Ulusçu hareketler içerisinde bir tur muhalefet olarak gördüğüm şey üzerinde bir odaklanma söz konusu: Özgürleşmeye karşı ulusçuluk. Ulusçu kentsoyluluğa, ayrımcılığa, devletçiliğe, ulusal güvenliğe doğru giden bir ulusçuluk: Üçüncü Dünya olmaklığın patolojisi... Ama her zaman özgürleşme adını verdiğim bir alternatif var Zafer buluşmasında herkese yer vardır’ (C L R James’ın Cesaıre’ dan alıntısı), bu benim için çok önemli bir söz. Doğulu ve Batılı direniş kesimlerinden ayrı ayrı söz etmek olanaksızdır. Benim sözünü ettiğim, kesişen deneyim alanları adını verdiğim şeydir. Bütün iş, emperyalizmin yalnızca taraflardan birine değil, her ikisine de ait olması ve bu ikisinin birbiri içinde kapsanmış olmasında. Karşılıklı yöntem burada devreye girer. Olaya, üstte bir ezgi ve altında bir sürü gereksiz eşlik ya da susku gözüyle bakmaktansa, gerçekten çoksesli bir iş olarak bakmak... Bunu anlamak için kesişen bölgeler kavramına sahip olmanız gerekir —ben bunlara birbirine bağımlı tarihler adını veriyorum. Bunlar üzerine konuşmanın tek yolu budur; özgürleşmeden, sömürüden kurtulmaktan, ayrımcı bakış yerine bütünleyici bakıştan söz edeceksek tabii. Ayrımcılığa kesinlikle karşıyım.

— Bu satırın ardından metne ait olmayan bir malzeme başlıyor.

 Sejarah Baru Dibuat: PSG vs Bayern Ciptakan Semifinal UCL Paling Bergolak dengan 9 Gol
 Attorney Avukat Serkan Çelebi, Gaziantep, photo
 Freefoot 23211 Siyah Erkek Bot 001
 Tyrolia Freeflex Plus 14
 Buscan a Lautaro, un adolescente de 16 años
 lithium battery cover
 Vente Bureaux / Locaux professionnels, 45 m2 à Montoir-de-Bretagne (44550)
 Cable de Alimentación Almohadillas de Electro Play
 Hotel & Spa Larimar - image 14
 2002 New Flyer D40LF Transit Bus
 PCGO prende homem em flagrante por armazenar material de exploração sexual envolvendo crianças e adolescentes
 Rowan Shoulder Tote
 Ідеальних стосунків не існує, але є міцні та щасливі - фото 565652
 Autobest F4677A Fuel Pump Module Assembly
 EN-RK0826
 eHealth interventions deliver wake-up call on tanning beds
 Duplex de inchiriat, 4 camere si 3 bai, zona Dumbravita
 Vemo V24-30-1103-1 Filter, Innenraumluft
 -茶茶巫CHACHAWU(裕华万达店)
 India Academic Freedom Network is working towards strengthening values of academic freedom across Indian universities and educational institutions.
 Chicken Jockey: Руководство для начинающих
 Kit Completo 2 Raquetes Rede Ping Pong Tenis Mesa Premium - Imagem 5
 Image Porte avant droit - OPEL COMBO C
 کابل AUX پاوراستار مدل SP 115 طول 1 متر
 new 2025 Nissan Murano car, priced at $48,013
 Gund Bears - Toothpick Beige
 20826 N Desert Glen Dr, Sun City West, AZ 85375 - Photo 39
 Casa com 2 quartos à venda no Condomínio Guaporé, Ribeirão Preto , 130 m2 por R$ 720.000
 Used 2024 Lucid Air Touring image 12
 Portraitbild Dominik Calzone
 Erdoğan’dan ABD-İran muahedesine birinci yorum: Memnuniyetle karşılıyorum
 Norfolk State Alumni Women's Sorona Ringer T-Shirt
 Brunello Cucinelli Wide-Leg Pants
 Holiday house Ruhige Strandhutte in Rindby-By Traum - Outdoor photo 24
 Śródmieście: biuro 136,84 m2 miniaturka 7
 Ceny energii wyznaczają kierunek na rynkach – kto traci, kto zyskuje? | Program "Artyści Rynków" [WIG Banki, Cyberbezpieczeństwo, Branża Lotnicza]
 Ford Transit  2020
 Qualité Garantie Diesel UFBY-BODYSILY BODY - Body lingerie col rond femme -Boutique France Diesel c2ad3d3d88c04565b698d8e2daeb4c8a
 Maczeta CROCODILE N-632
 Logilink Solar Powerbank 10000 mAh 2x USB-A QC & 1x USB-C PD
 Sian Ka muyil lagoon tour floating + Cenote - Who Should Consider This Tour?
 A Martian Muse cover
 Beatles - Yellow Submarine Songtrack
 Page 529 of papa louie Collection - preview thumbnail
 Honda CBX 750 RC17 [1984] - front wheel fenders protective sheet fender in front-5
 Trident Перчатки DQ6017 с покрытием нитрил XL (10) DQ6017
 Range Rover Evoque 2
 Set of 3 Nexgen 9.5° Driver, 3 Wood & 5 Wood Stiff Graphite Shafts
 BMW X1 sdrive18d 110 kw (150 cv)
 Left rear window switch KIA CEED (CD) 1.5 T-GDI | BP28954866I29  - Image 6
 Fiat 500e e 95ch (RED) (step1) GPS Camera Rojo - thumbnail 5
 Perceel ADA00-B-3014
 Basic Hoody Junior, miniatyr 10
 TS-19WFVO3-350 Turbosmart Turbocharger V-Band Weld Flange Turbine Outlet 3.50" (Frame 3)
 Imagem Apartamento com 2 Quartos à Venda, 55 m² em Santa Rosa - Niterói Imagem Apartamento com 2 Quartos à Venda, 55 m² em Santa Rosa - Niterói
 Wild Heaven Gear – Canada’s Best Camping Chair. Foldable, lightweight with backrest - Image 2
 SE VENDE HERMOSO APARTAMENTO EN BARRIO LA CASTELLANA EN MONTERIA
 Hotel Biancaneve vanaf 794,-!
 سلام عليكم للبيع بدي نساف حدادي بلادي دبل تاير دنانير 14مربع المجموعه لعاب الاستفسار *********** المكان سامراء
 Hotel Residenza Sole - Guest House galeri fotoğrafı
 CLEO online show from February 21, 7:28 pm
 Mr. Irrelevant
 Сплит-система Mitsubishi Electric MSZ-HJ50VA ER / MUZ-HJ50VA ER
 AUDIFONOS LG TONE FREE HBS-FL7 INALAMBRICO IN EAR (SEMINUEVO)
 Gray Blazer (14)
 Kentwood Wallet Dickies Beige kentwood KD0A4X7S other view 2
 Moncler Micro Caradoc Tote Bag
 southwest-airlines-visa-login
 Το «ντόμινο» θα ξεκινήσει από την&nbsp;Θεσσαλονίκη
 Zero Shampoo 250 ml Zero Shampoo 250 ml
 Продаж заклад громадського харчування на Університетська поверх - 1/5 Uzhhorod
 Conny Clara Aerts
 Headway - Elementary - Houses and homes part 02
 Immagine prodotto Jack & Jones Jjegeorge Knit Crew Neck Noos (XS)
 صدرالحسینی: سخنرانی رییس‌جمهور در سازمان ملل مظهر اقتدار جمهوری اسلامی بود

Oryantalizme karşılık olarak, bütün bir İslam dünyası boyunca uzanan bir yazın geleneği söz konusu: ‘Occidentosis’ —dünyadaki her türlü kötülüğün kaynağı Batı’dır. Bu benim bütünüyle yayan, sıkıcı bulduğum, bilinen bir tür. Kendimi bundan, safkancılık (nativism) adını verdiğim şeyden ayrı tutuyorum. Size bunun mükemmel bir örneğini vereceğim. 1962 ya da ‘63’te, Soyinka adlı ilerici entelektüel, nativist bir anlayışa karşı sıkı bir eleştiri kaleme alır. Sengor’a saldırır; onun düşüncesinin, siyah adamın aşağı ırktan olduğu anlayışının kabullenilişi olduğunu öne sürer. Eytişimsel karşıtlığın öbür yüzü. Mükemmel. 1991 ‘de, daha sonra Amerika’da Skip Gates’le birlikte yeniden kurulan Transition adlı dergisinde, Kenyalı bir Müslüman olan siyaset bilimci Ali Mazrui’ye müthiş bir saldırıda bulunur. Bu saldırının nedeni, Ali Mazrui’nin safkan bir Afrikalı olmamasıdır. Müslümanlaşmış, Araplaşmış bir Afrikalıdır. Anlayacağınız o bütünlük taraftarı özgürlükçü Afrikalı —vaktiyle zenci edebiyatına saldırmış olan o adam— yirmi yıl sonra bir safkancı olmuş, yeterince siyah olmadığı için bir adama saldırıyor! Bu değişimler siyasal durumun bir parçasıdır.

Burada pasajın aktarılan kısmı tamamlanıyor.